I am uploading image data into GL texture asynchronously.
In debug output I am getting these warnings during the rendering:
Source:OpenGL,type: Other, id: 131185, severity: Notification
Message: Buffer detailed info: Buffer object 1 (bound to
GL_PIXEL_UNPACK_BUFFER_ARB, usage hint is GL_DYNAMIC_DRAW) has been
mapped WRITE_ONLY in SYSTEM HEAP memory (fast). Source:OpenGL,type:
Performance, id: 131154, severity: Medium Message: Pixel-path
performance warning: Pixel transfer is synchronized with 3D rendering.
I can't see any wrong usage of PBOs in my case or any errors.So the questions is, if these warnings are safe to discard, or I am actually doing smth wrong.
My code for that part:
//start copuying pixels into PBO from RAM:
mPBOs[mCurrentPBO].Bind(GL_PIXEL_UNPACK_BUFFER);
const uint32_t buffSize = pipe->GetBufferSize();
GLubyte* ptr = (GLubyte*)mPBOs[mCurrentPBO].MapRange(0, buffSize, GL_MAP_WRITE_BIT | GL_MAP_INVALIDATE_BUFFER_BIT);
if (ptr)
{
memcpy(ptr, pipe->GetBuffer(), buffSize);
mPBOs[mCurrentPBO].Unmap();
}
//copy pixels from another already full PBO(except of first frame into texture //
mPBOs[1 - mCurrentPBO].Bind(GL_PIXEL_UNPACK_BUFFER);
//mCopyTex is bound to mCopyFBO as attachment
glTextureSubImage2D(mCopyTex->GetHandle(), 0, 0, 0, mClientSize.x, mClientSize.y,
GL_RGBA, GL_UNSIGNED_BYTE, 0);
mCurrentPBO = 1 - mCurrentPBO;
Then I just blit the result to default frame buffer. No rendering of geometry or anything like that.
glBlitNamedFramebuffer(
mCopyFBO,
0,//default FBO id
0,
0,
mViewportSize.x,
mViewportSize.y,
0,
0,
mViewportSize.x,
mViewportSize.y,
GL_COLOR_BUFFER_BIT,
GL_LINEAR);
Running on NVIDIA GTX 960 card.
This performance warning is nividia-specific and it is intended as a hint to tell you that you're not going to use a separate hw transfer queue, which is no wonder since you use a single thread, single GL context model, where both rendering (at least your your blit) and transfer are carried out.
See this nvidia presentation for some details about how nvidia handles this.

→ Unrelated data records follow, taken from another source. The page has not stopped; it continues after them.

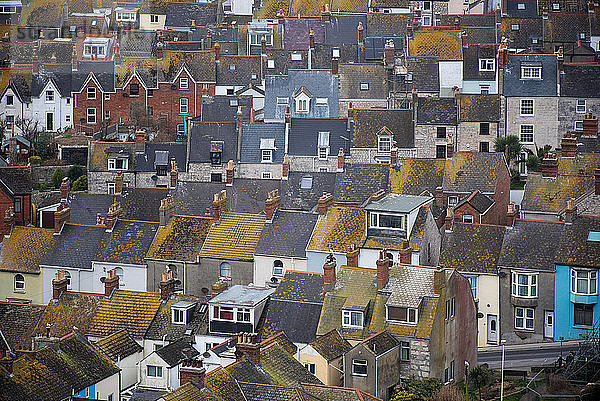 Häuser auf der Isle of Portland  Dorset  England  Vereinigtes Königreich  Europa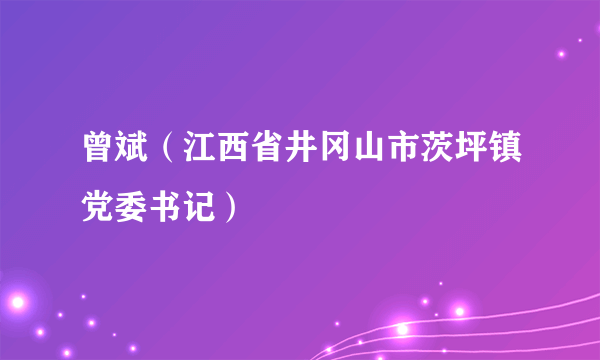 曾斌（江西省井冈山市茨坪镇党委书记）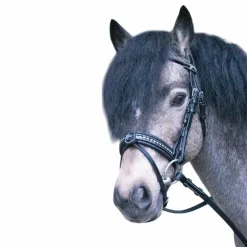 New Eden by Pénélope - Bridon Eden avec rênes Noir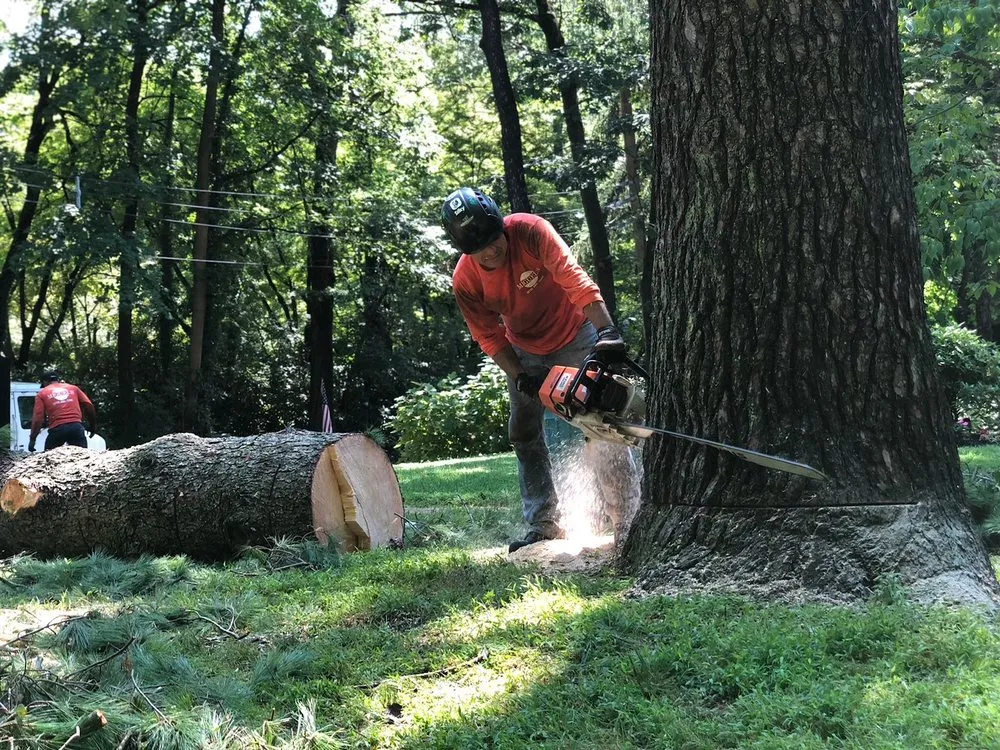 Top-rated residential landscaping for year-round maintenance across Philadelpha, PA - Freeland Tree Services & Landscaping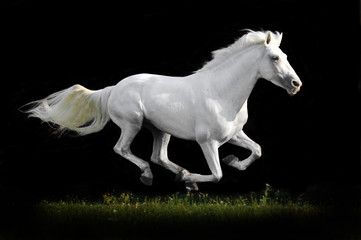 Naklejka na ściany i meble biały koń na czarno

Page 22 also explains this specific warning. Note that this warnign does not mean that your transfer is not asynchronous. It is still fully asynchronous to the CPU thread. It will just be synchronously processed on the GPU, with respect to the render commands which are in the same command queue, and you're not using the asynchronous copy engine which could do these copies independent from the rendering commands in a separate command queue.
I can't see any wrong usage of PBOs in my case or any errors.So the questions is, if these warnings are safe to discard, or I am actually doing smth wrong.
There is nothing wrong with your PBO usage.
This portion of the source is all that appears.